# EXERCISE BRIEF
All lines before the one containing "flujo y actualización de la información. En", plus that line itself, are to be printed exactly as they appear below.
── INFORMATION SUPPLIED
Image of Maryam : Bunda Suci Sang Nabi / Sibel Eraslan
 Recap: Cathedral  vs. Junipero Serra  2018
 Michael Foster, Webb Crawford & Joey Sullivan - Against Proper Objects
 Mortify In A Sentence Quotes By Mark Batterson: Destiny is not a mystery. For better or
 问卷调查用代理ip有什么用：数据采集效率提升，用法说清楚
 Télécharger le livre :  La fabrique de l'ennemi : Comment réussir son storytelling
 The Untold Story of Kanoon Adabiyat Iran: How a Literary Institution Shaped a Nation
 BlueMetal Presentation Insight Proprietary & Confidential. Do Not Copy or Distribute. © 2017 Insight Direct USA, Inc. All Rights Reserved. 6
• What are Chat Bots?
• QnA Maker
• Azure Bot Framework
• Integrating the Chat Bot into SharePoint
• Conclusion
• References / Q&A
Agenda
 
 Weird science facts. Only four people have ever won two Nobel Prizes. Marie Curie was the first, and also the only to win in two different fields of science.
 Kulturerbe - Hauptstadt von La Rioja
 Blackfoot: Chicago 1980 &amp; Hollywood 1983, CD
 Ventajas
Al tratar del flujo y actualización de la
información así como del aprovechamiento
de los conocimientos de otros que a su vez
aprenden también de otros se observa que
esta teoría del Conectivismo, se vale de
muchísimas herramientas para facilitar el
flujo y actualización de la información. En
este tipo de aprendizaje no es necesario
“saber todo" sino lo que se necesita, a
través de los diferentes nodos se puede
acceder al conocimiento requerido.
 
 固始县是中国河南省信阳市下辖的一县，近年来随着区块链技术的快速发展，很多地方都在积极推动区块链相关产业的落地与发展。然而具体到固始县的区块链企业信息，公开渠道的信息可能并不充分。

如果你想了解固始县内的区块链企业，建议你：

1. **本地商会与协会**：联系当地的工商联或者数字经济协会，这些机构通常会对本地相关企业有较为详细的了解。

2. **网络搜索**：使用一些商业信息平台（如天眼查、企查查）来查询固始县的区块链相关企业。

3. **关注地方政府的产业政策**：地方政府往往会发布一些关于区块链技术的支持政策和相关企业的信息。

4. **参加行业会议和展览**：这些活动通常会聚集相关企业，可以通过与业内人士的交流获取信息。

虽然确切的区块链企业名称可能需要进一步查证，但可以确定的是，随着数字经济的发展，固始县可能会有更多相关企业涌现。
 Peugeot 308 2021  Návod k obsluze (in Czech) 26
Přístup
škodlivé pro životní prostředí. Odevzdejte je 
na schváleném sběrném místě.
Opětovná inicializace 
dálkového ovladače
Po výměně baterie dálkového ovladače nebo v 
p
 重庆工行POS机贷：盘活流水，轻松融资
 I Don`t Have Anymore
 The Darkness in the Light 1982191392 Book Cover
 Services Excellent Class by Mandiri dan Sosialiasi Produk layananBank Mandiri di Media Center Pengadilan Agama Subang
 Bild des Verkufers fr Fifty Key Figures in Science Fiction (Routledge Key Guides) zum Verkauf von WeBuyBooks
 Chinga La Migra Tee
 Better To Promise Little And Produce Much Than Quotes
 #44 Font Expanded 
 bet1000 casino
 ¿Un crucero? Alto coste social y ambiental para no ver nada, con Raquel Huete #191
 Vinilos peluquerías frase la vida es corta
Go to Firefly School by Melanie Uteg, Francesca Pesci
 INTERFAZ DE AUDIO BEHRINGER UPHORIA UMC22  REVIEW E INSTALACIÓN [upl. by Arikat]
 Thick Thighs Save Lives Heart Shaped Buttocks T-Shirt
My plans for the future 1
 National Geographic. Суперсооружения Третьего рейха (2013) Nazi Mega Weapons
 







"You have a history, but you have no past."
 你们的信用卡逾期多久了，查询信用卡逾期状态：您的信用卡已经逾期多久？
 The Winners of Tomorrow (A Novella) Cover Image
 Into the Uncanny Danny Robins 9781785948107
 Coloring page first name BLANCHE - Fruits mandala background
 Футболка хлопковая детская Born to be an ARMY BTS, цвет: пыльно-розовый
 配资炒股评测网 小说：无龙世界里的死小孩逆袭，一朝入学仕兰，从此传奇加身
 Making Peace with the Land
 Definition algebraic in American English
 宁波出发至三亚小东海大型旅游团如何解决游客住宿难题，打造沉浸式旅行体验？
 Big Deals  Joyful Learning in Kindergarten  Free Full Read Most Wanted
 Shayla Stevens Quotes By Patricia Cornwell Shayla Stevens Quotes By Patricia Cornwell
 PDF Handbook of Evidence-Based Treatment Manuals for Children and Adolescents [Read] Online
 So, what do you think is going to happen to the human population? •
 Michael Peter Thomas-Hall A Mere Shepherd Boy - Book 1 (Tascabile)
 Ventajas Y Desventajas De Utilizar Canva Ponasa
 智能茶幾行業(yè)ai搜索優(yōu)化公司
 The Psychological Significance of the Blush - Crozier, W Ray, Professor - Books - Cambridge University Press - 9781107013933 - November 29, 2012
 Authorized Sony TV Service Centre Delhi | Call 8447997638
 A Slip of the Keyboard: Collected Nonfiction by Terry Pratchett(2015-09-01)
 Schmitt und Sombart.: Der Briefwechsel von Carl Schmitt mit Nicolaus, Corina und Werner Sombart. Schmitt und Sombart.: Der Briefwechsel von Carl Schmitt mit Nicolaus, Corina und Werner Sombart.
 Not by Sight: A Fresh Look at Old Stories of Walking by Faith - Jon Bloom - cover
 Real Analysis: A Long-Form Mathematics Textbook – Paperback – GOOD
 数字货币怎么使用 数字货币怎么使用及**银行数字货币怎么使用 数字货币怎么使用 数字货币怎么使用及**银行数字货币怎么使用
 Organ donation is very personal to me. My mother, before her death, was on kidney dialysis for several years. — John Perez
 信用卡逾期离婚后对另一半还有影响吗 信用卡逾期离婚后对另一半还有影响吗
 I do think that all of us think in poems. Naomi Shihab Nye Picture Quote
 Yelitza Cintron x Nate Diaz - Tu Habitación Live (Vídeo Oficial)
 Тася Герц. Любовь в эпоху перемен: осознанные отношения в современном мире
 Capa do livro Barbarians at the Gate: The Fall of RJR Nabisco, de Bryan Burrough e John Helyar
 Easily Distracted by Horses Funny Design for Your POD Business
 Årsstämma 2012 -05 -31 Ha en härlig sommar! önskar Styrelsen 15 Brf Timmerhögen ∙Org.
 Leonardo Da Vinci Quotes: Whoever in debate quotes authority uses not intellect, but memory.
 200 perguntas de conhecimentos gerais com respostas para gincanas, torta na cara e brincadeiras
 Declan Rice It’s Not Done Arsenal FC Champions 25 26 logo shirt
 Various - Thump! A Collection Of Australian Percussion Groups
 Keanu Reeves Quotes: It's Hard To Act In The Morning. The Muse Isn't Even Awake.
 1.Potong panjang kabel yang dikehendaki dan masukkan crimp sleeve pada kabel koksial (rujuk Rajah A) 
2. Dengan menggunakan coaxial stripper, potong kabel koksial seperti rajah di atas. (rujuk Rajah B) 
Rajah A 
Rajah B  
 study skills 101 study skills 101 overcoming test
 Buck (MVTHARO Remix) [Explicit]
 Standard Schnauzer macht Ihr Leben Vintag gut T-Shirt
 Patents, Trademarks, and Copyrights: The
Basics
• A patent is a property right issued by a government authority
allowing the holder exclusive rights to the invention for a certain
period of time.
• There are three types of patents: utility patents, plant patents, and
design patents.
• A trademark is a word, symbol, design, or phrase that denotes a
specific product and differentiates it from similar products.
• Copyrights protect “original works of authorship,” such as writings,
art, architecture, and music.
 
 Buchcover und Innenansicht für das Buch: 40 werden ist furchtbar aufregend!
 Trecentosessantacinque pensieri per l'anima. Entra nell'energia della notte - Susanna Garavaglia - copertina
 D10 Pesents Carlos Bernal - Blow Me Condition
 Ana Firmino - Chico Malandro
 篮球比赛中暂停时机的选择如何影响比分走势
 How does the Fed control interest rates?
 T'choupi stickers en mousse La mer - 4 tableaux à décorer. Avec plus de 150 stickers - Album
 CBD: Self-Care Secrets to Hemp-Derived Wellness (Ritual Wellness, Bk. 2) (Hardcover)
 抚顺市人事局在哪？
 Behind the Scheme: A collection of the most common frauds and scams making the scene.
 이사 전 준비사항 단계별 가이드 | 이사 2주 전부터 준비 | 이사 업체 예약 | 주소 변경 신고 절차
────
# ANSWER TO THIS PROBLEM
Image of Maryam : Bunda Suci Sang Nabi / Sibel Eraslan
 Recap: Cathedral  vs. Junipero Serra  2018
 Michael Foster, Webb Crawford & Joey Sullivan - Against Proper Objects
 Mortify In A Sentence Quotes By Mark Batterson: Destiny is not a mystery. For better or
 问卷调查用代理ip有什么用：数据采集效率提升，用法说清楚
 Télécharger le livre :  La fabrique de l'ennemi : Comment réussir son storytelling
 The Untold Story of Kanoon Adabiyat Iran: How a Literary Institution Shaped a Nation
 BlueMetal Presentation Insight Proprietary & Confidential. Do Not Copy or Distribute. © 2017 Insight Direct USA, Inc. All Rights Reserved. 6
• What are Chat Bots?
• QnA Maker
• Azure Bot Framework
• Integrating the Chat Bot into SharePoint
• Conclusion
• References / Q&A
Agenda
 
 Weird science facts. Only four people have ever won two Nobel Prizes. Marie Curie was the first, and also the only to win in two different fields of science.
 Kulturerbe - Hauptstadt von La Rioja
 Blackfoot: Chicago 1980 &amp; Hollywood 1983, CD
 Ventajas
Al tratar del flujo y actualización de la
información así como del aprovechamiento
de los conocimientos de otros que a su vez
aprenden también de otros se observa que
esta teoría del Conectivismo, se vale de
muchísimas herramientas para facilitar el
flujo y actualización de la información. En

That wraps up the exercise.